Key parameters: `max_new_tokens`, `temperature`, `top_p`, `top_k`, `num_beams`, `repetition_penalty`.


In [6]:
lm_id = 'gpt2'  # small demo model
tok_lm = AutoTokenizer.from_pretrained(lm_id)
lm = AutoModelForCausalLM.from_pretrained(lm_id)
inputs = tok_lm('In data science, transformers are', return_tensors='pt')
out = lm.generate(**inputs, max_new_tokens=64, do_sample=True, temperature=0.7, top_p=0.9)
print(tok_lm.decode(out[0], skip_special_tokens=True))


Setting `pad_token_id` to `eos_token_id`:50256 for open-end generation.


In data science, transformers are the most common form of data manipulation, and have been used for centuries in many fields. They can be used to manipulate the data of many different types of applications.

Transformers are a popular tool for data analysis, but they are not the only tool for data manipulation. In fact, the most common use of


## 3) Devices and Memory
- Definition: `device_map="auto"` automatically places layers across CPU/GPU/MPS; `torch_dtype` sets numeric precision; quantization loads 8/4-bit weights.
- Why: Fit models in memory and run them faster on your hardware.
Use `device_map="auto"` to place weights on available accelerators. Reduce memory via `torch_dtype=torch.float16` or 8/4-bit loading (requires `bitsandbytes`).

### Experiment: benchmark dtype & device
We compare runtime and memory across supported devices/dtypes.
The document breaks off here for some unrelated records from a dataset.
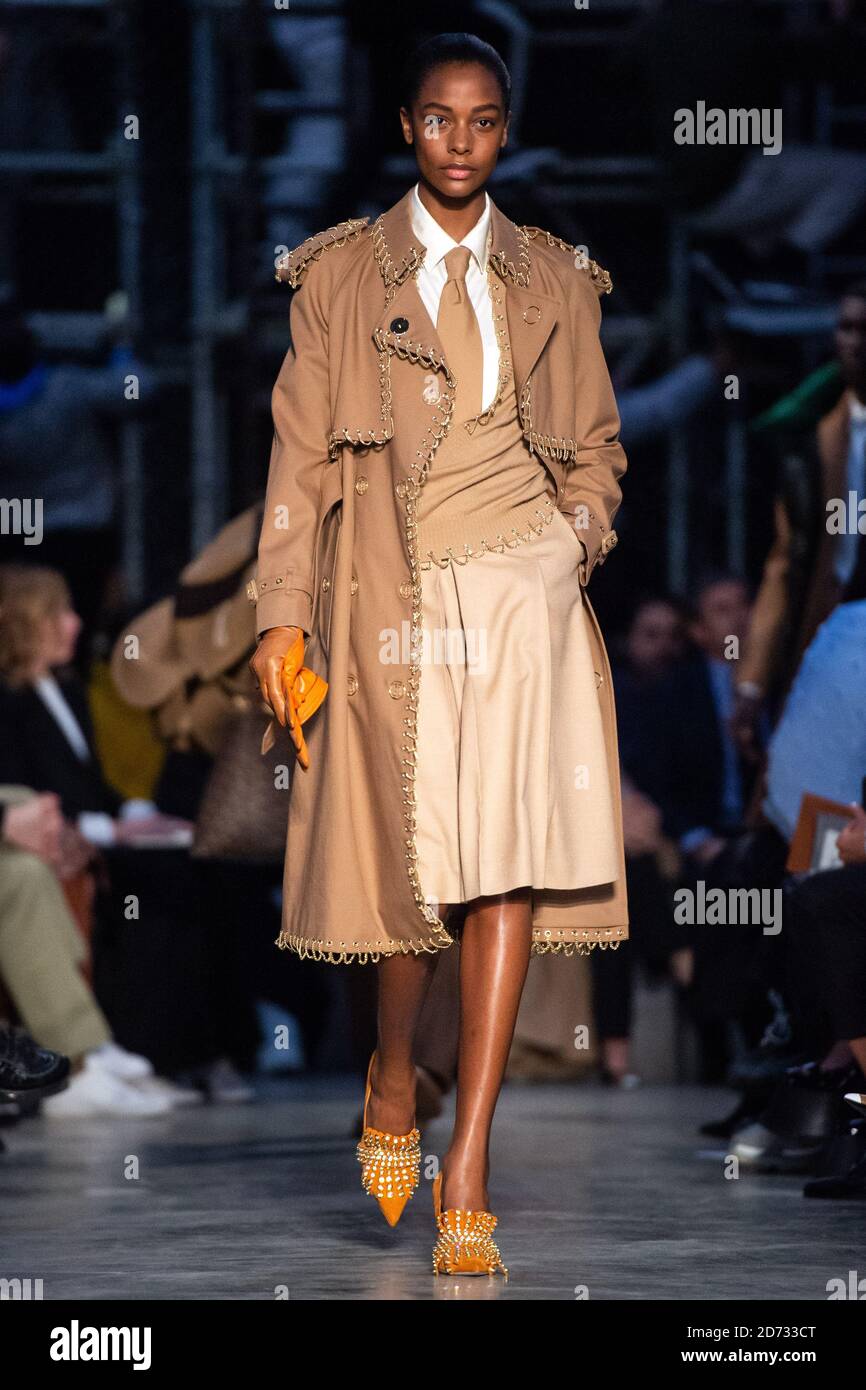 Models on the catwalk during the Burberry fashion show, held at Tate  Modern, as part of London Fashion Week A/W 2019. Picture date: Sunday  February 17, 2018. Photo credit should read: Matt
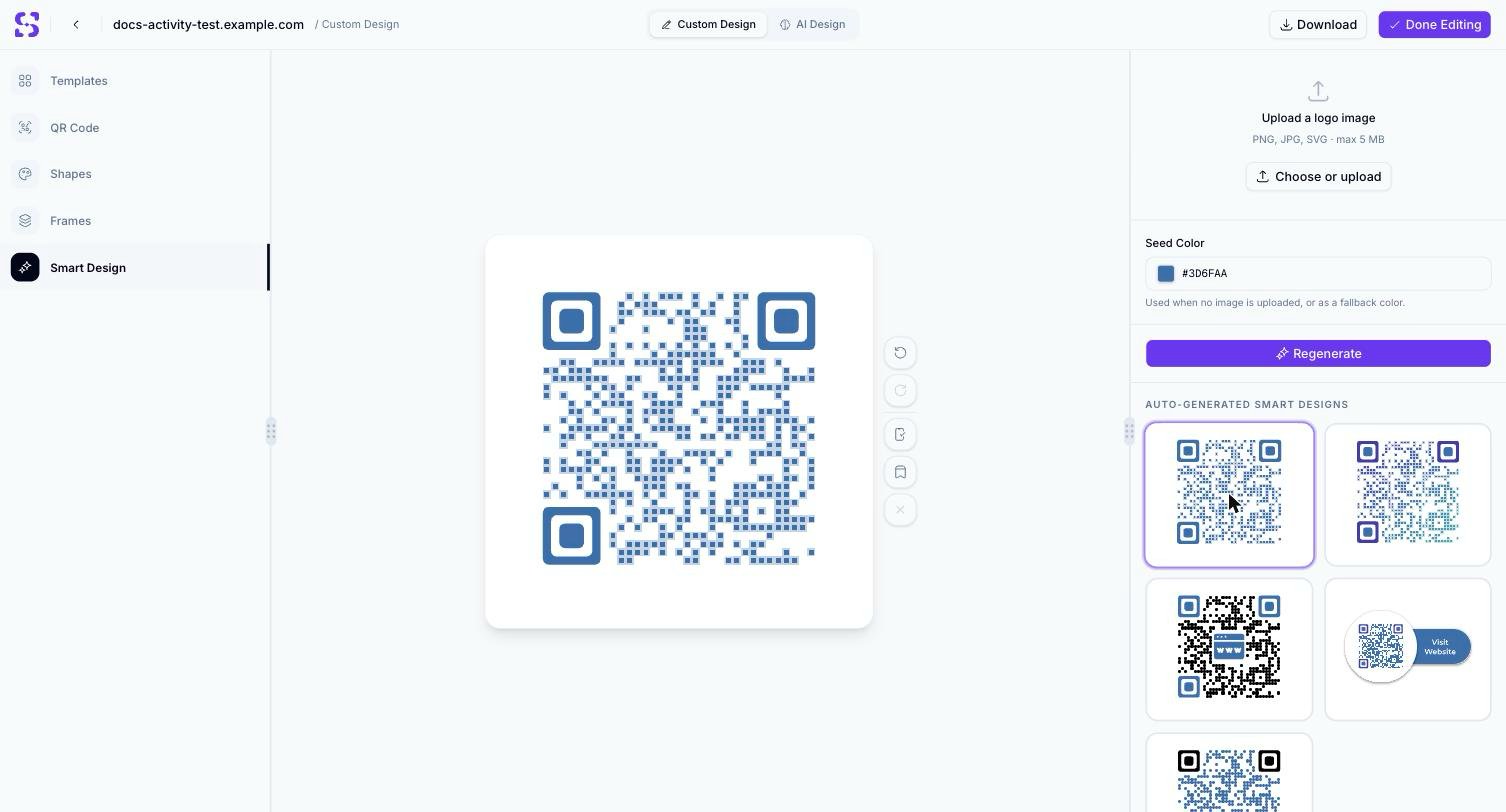 QR Code canvas showing a Smart Design variant applied — square data dots and eyes in a navy blue tone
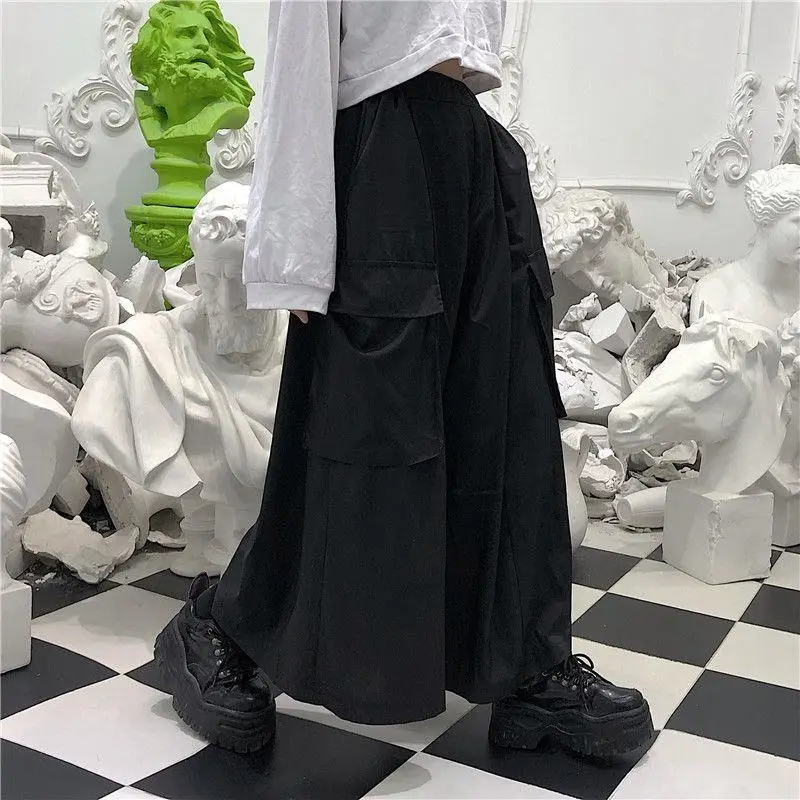 Pants Women Couple Ins Harajuku Spring Autumn Japanese Style Loose Casual Streetwear Pockets  Full Length Black Elastic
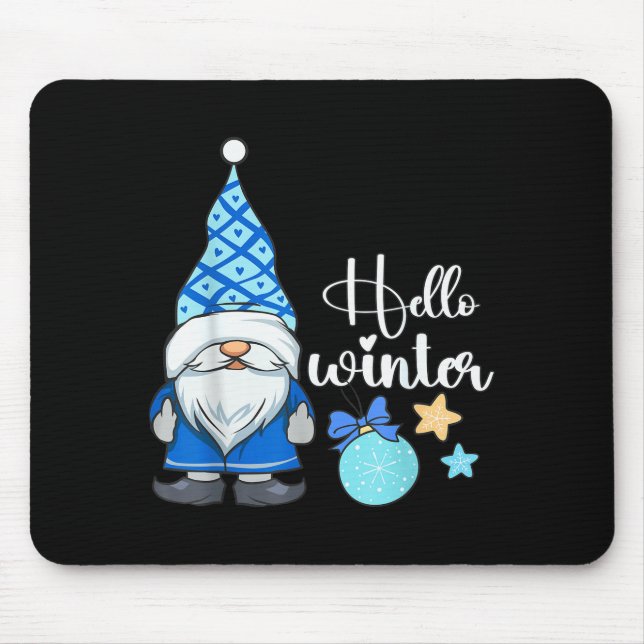 Mousepad Hello Winter, Nordic Christmas Gnome  (Frente)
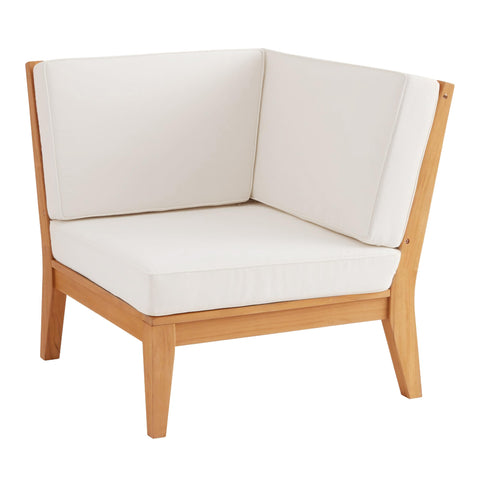 Linon Bellamy Natural Solid Teak Wood Outdoor Corner Chair with Removable Cream Cushions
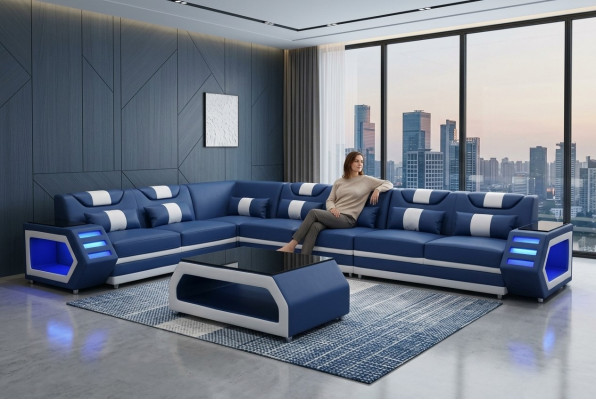 Designer Liederpolstersëtz Ecksofa Polstersitz Liewensraim XXL.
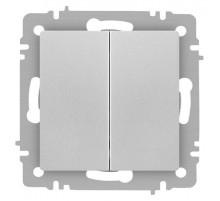 Выключатель Intro Accent 6-104-03 двойной, 10А-250В, IP20, СУ, AL/CU, алюминий  Б0063484  Intro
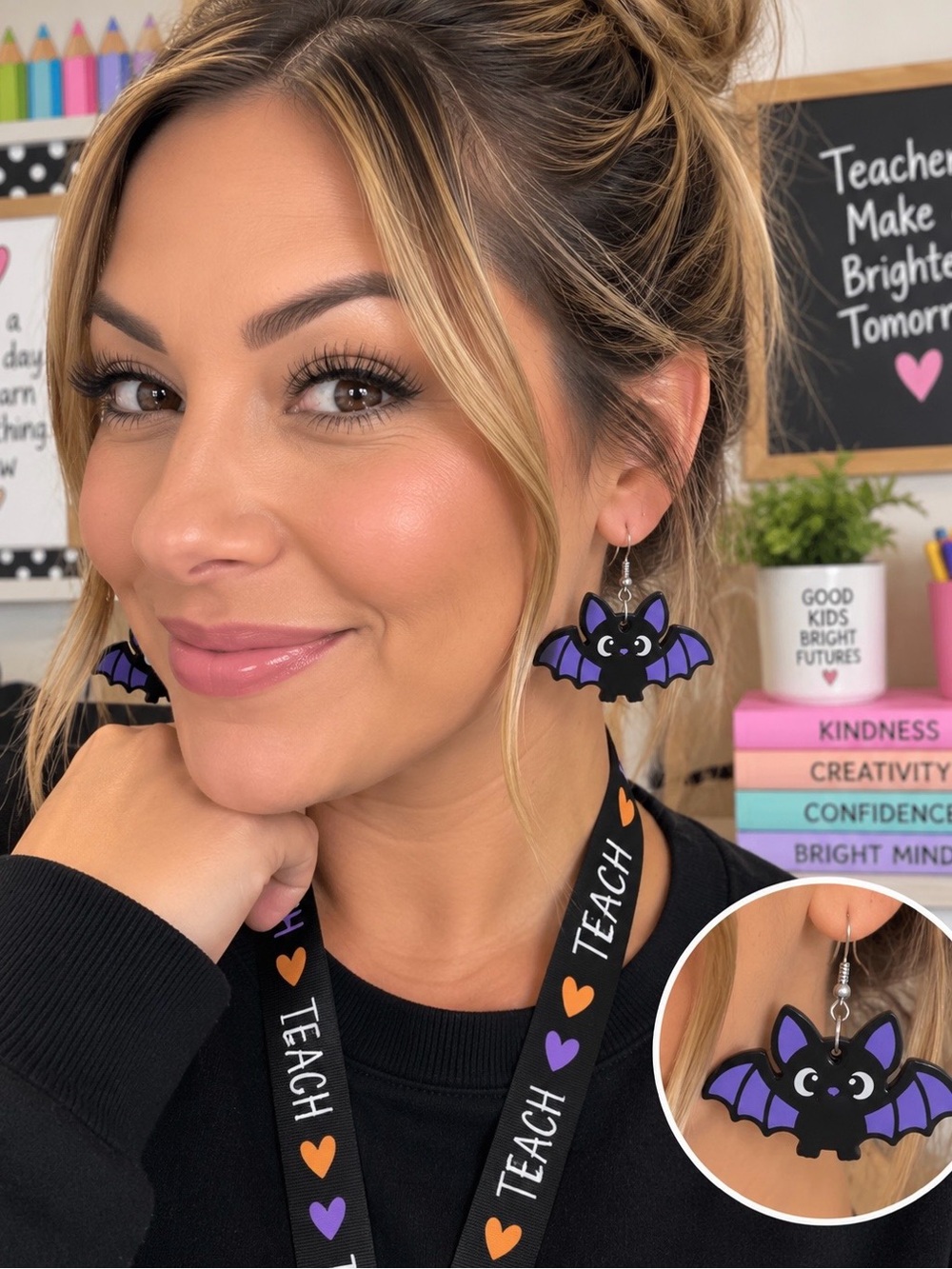Cute Purple Bat Earrings for Kids Accessories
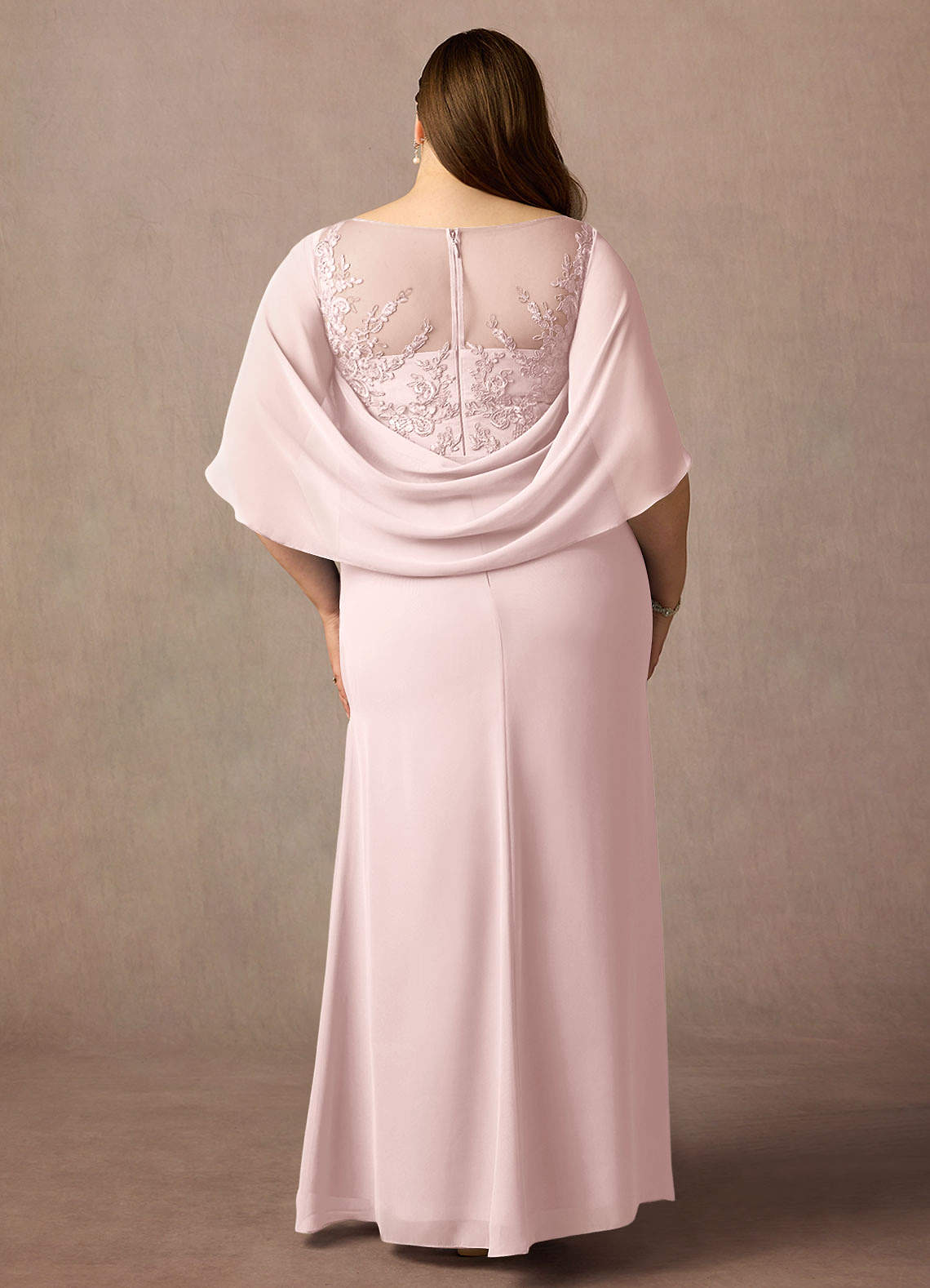 Azazie Hera Mother of the Bride Dresses Blushing Pink A-Line Lace Capelet Chiffon Dress image6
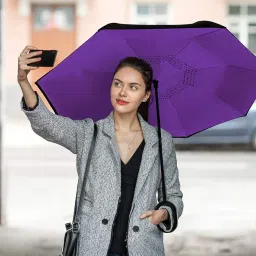 uk enterprise PACK 3 : C Type Handle Double Layer Inverted Upside Down Reversible Umbrella image 5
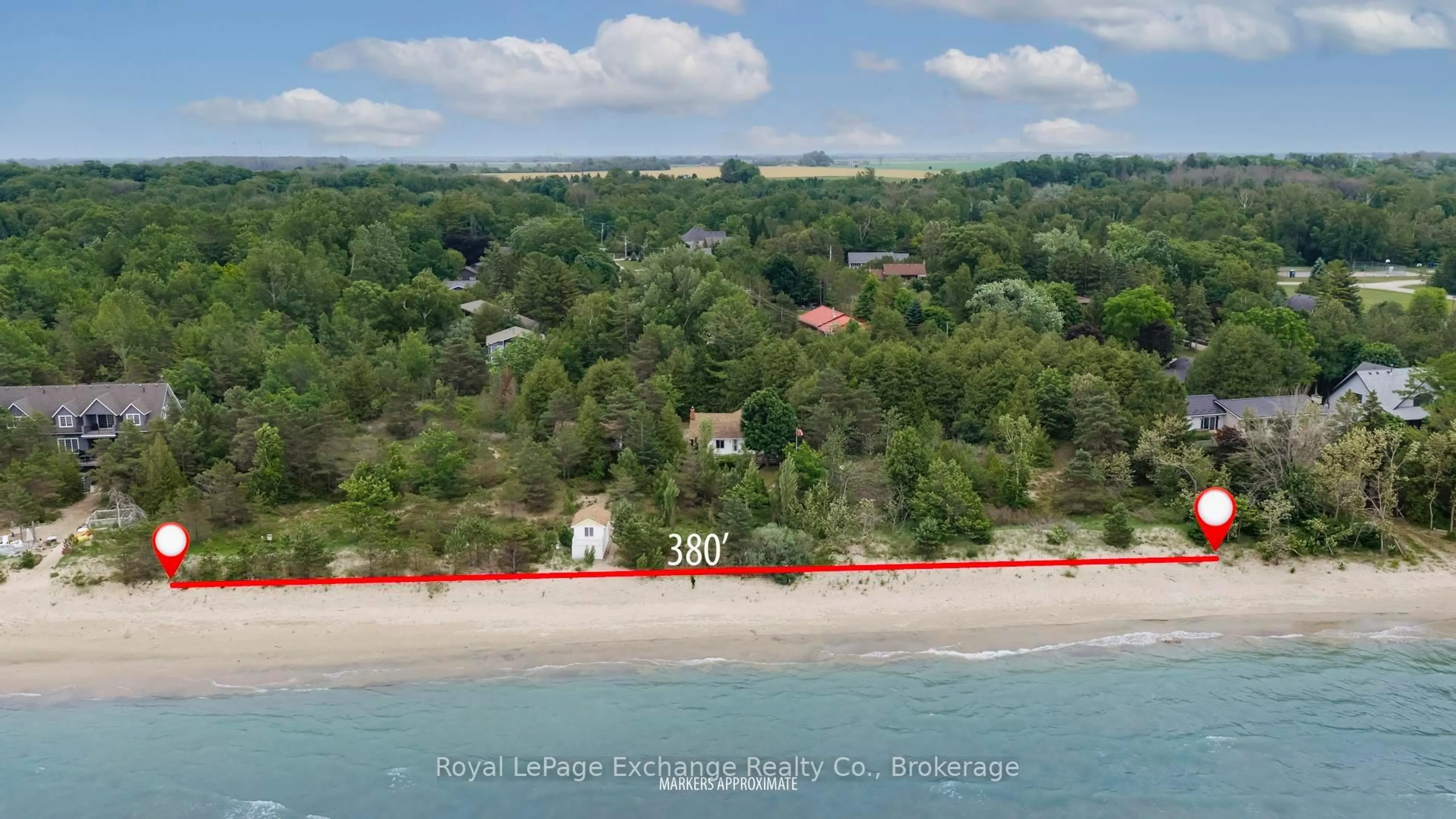 A pic from outside/outdoor area/front of a property/back of a property/a pic from drone, water/lake/river/ocean view for 40 Vozka Dr, Huron-Kinloss Ontario N2Z 0B3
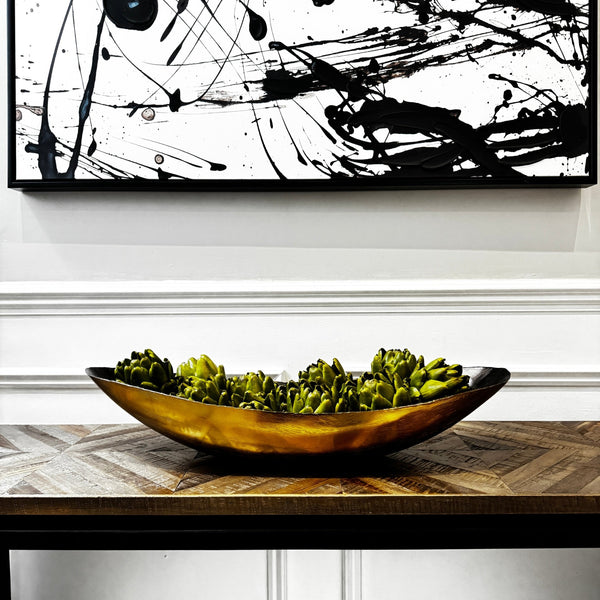 Molten Brushed Gold Metal Ellipse Bowl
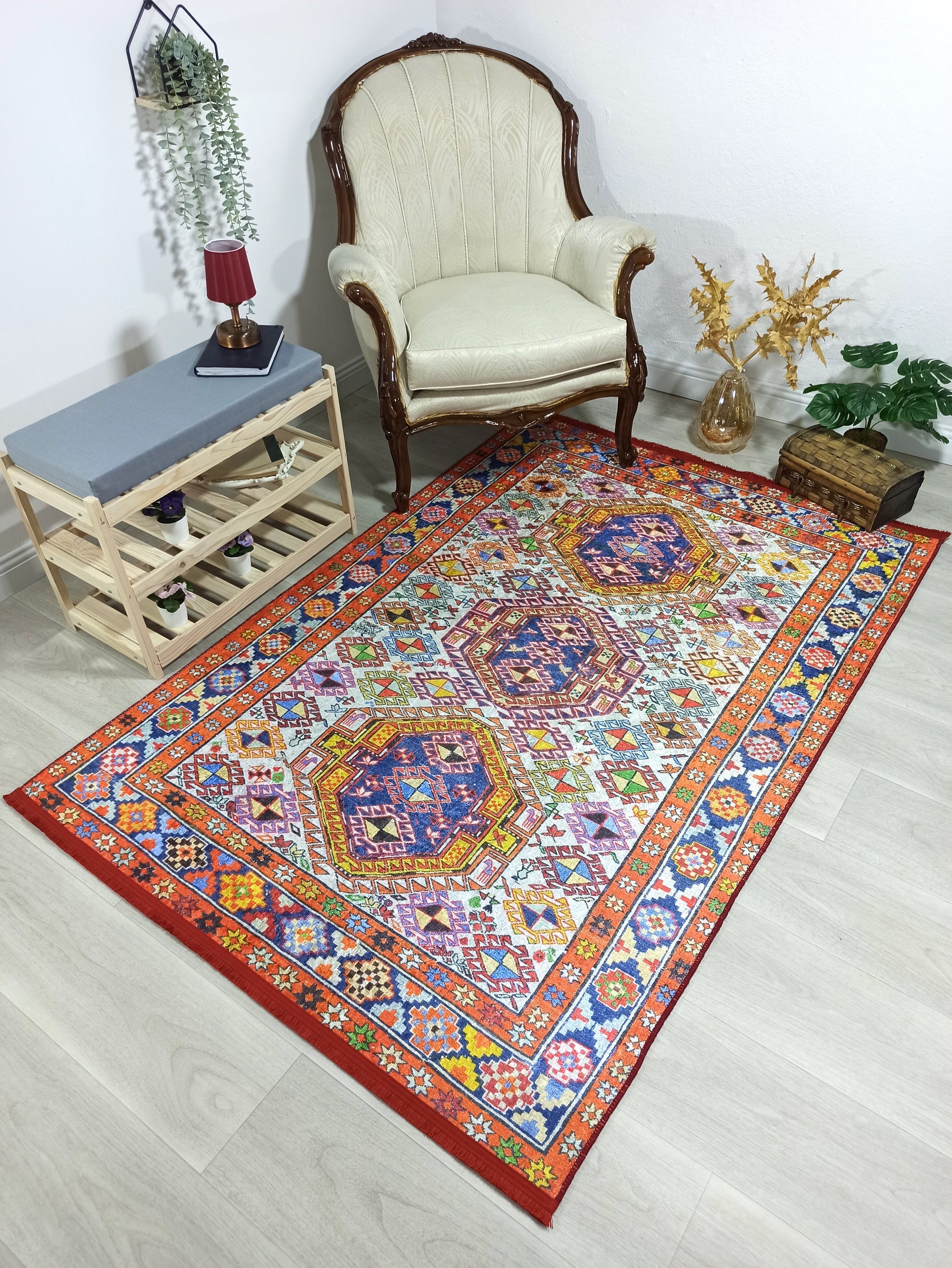 İran Doğal Bej Renkli Vintage Halı - Pera Halı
On CPU, float16 compute is usually not supported, so we skip it.


In [7]:
import time, torch
from transformers import AutoTokenizer, AutoModelForSequenceClassification

name = 'distilbert-base-uncased-finetuned-sst-2-english'
texts = ['STUDYING DATA SCIENCE IS FUN!'] * 16

devices = []
if torch.cuda.is_available(): devices.append('cuda')
if getattr(torch.backends, 'mps', None) and torch.backends.mps.is_available():
    devices.append('mps')
devices.append('cpu')

rows = []
for device in devices:
    for dtype in (torch.float32, torch.float16):
        if device == 'cpu' and dtype is torch.float16:
            continue
        tok = AutoTokenizer.from_pretrained(name)
        mdl = AutoModelForSequenceClassification.from_pretrained(name, dtype=dtype)
        mdl.to(device)
        batch = tok(texts, padding=True, truncation=True, return_tensors='pt')
        batch = {k: v.to(device) for k, v in batch.items()}
        # Estimate parameter memory
        param_mb = sum(p.numel() * p.element_size() for p in mdl.parameters()) / 1e6
        # Optional: GPU peak memory
        if device == 'cuda':
            torch.cuda.reset_peak_memory_stats()
        # Warmup + timed run
        with torch.no_grad(): mdl(**batch)
        t0 = time.perf_counter()
        with torch.no_grad():
            for _ in range(10): mdl(**batch)
        dt = time.perf_counter() - t0
        peak_mb = None
        if device == 'cuda':
            peak_mb = torch.cuda.max_memory_allocated() / 1e6
        rows.append((device, str(dtype).replace('torch.', ''), round(param_mb,1), round(dt,3), None if peak_mb is None else round(peak_mb,1)))

print('device	dtype	paramMB	sec(10 iters)	peakMB(cuda)')
for r in rows:
    print('	'.join(map(str, r)))


device	dtype	paramMB	sec(10 iters)	peakMB(cuda)
cpu	float32	267.8	1.157	None


## 4) Understanding Batch Processing with Hugging Face Transformers
The following code demonstrates a complete pipeline for processing and analyzing text data using Hugging Face's transformers library. 

In [8]:
# Load a dataset 
ds = load_dataset('imdb', split='test[:2%]')
# Tokenizer and model for sequence classification
tok_cls = AutoTokenizer.from_pretrained('distilbert-base-uncased-finetuned-sst-2-english')
mdl_cls = AutoModelForSequenceClassification.from_pretrained('distilbert-base-uncased-finetuned-sst-2-english', device_map='auto')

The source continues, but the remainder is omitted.